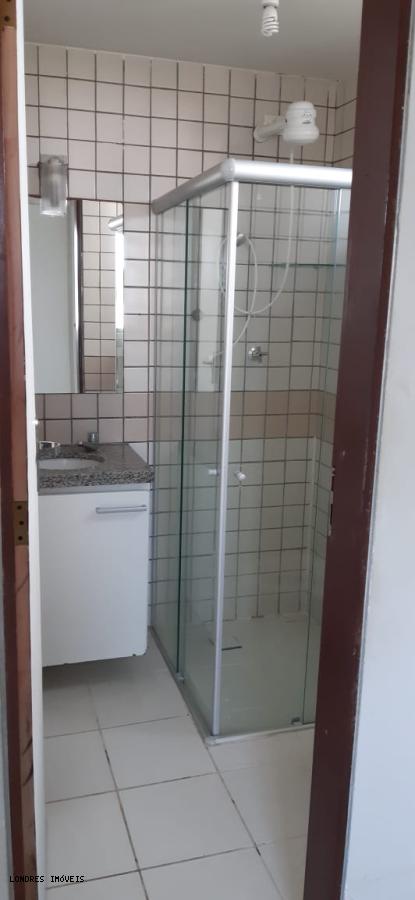 Apartamento, 3 quartos, 75 m² - Foto 6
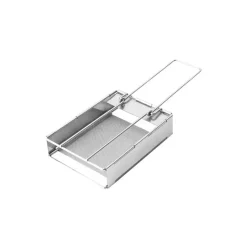 CAMP4 Grille-pain pliable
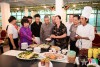 Ninh Bình hướng tới trở thành “Kinh đô ẩm thực ASEAN”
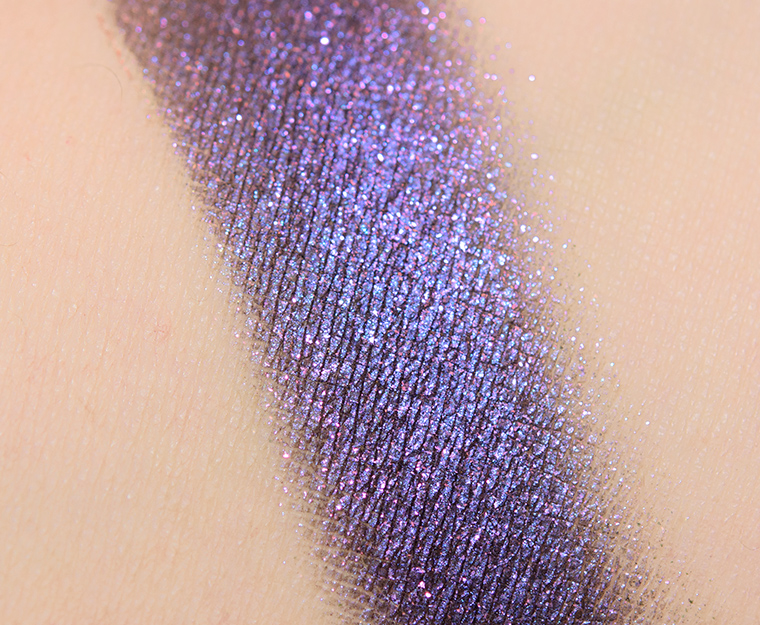 Pat McGrath Violet Void EYEdols Eyeshadow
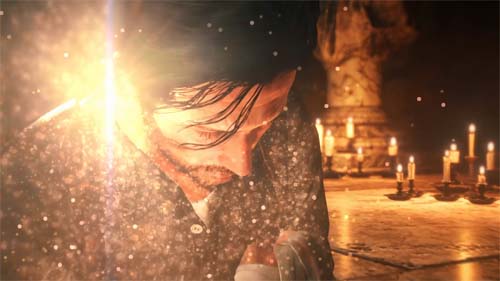 f:id:bio-re-love:20171226135707j:plain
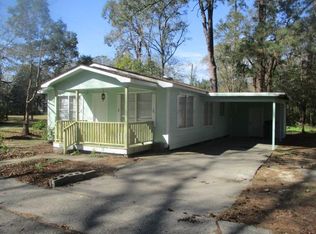 402 5th St, Picayune, MS 39466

━━━━━━━━━━

Wherever an image appears in the data, omit it and repeat everything else exactly.

- _Response to this exercise_
 Apartamento, 3 quartos, 75 m² - Foto 6
 CAMP4 Grille-pain pliable
 Ninh Bình hướng tới trở thành “Kinh đô ẩm thực ASEAN”
 Pat McGrath Violet Void EYEdols Eyeshadow
 f:id:bio-re-love:20171226135707j:plain
 402 5th St, Picayune, MS 39466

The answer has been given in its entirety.